Hoewel echte neutraliteit niet bestaat, is het in onze tijd al heel wat wanneer de overheid godsdienstneutraal is en het christelijke getuigenis publiekelijk vrij tot klinken mag komen en niet onder de beheersing van een ideologisch gelijkheidsbeginsel komt. De godsdienstneutrale staat als democratische rechtsstaat is ons werkdomein. Daarbinnen zullen we ook opkomen voor het historisch christelijk karakter van onze samenleving, met inbegrip van daaraan verbonden waarden en normen. In dit alles is Hoedemaker actueler dan Kuyper en is hij nog steeds mijn oriëntatiefiguur, al vraagt zijn visie ook actuele bijstelling.
Maar ik benadruk ook zijn eenheid van conceptie inzake kerk en staat. Een verbrokkelde en verscheurde kerk vloekt met zijn theocratische gedachte. Het komt met de staat pas (al is het maar een klein beetje) weer goed wanneer de kerk is hersteld, niet door partijvorming, afscheiding of organisatie voor en na, maar door de overmacht van Woord en Geest, waardoor ware verootmoediging en schuldbelijdenis worden gewekt.
Daar is het verre vandaan.
Dit is het eerste deel van een drieluik over de hervormde theoloog dr. Ph. J. Hoedemaker, die een eeuw geleden overleed. Morgen deel 2.
Verootmoediging
Partijvorming zag Hoedemaker als in strijd met het beginsel der Schrift, een beginsel dat luidt: Het recht van God is ook het recht van de waarheid en niet het recht van de meerderheid. Daarom geen partijschappen, ook geen afscheiding, maar gezamenlijke verootmoediging.

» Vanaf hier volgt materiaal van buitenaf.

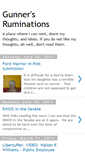 Mobile Screenshot of gunnersruminations.blogspot.com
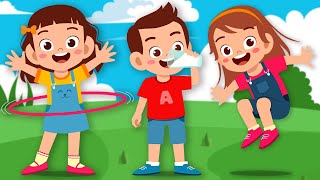 Action Verbs Song  Learning Songs For Kids  KLT [upl. by Stoffel]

In zijn afscheidsbrief aan de Confessionele Vereniging schrijft hij:
„Ik wens met Gods volk te leven en te sterven en heb niet nodig mij zelf één ogenblik te bedenken wanneer men mij vraagt: hier hebt gij de beschaafde, methodische, met de tijd meegaande christen en daarnaast staat een bekrompen, onhebbelijk, ouderwets, met vele vooroordelen bezet, maar toch innig vroom man, de type van een afgescheidene uit de dagen van 1834, tot wie van deze beiden gaat uw hart uit? Het bloed kruipt waar het niet gaan kan en ik behoor ongetwijfeld bij de man, die het verdacht vindt dat ik de waarheid, waarom het ons beiden te doen is, anders uitdruk als hij van zijn jeugd af gewend is geweest. Maar ik behoor zeker niet bij hen, die zich in een eng kringetje opsluiten, die zich om „de verbreking van Jozef” niet bekommeren, die onder de invloed van de beginselen der Doleantie staan… Ik ben eenvoudig een mens, die de belijdenis zal blijven beamen, zolang hij niet overtuigd is dat zij op dit of dat punt afwijkt van het Woord waaraan hij zich gebonden voelt; een christen die zich één weet met allen die uit en naar de waarheid leven, ja voor zover zij dit doen, ook met hen die „de God der vaderen zoeken, hoewel niet naar de reinigheid des heiligdoms”; een hervormde die in de abnormale toestand waarin de kerk verkeert niet de allergeringste aanleiding vindt om haar te verlaten, veeleer het tegenovergestelde; (…) en een predikant die meer dan ooit zijn roeping gevoelt, waarlijk te zijn wat God hem gemaakt heeft.” (…) „lk moet ertussenuit, om des beginsels wil, geen nieuwe wijn in oude lederen zakken, daarom onttrek ik mij aan de groep om bij de waarheid te blijven die God mij heeft doen zien.”